(Exercise brief):
In the entries below, find the line with "Leather Bangles Bracelets" and print exactly every line from there up to and including the line with "Kit Urso Com", with no other lines.

(Exercise data):
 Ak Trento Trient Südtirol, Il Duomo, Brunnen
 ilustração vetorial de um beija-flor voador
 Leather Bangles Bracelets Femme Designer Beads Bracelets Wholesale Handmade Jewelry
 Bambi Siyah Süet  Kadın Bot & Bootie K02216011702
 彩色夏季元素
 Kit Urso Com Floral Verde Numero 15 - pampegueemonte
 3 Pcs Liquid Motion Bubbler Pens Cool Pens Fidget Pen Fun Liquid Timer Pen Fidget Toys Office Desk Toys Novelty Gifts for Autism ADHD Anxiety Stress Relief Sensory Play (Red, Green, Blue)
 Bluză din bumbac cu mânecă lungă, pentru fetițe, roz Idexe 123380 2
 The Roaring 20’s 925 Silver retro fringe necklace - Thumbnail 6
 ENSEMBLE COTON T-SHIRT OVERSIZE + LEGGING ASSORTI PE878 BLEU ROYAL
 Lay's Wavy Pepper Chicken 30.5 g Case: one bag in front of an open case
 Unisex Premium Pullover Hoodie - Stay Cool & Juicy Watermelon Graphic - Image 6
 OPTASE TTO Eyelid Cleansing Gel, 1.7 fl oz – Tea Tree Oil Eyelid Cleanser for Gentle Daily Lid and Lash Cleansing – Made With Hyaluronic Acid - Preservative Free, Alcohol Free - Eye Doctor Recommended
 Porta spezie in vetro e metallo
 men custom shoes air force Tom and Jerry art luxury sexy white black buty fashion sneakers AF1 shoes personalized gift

(Solution for this task):
 Leather Bangles Bracelets Femme Designer Beads Bracelets Wholesale Handmade Jewelry
 Bambi Siyah Süet  Kadın Bot & Bootie K02216011702
 彩色夏季元素
 Kit Urso Com Floral Verde Numero 15 - pampegueemonte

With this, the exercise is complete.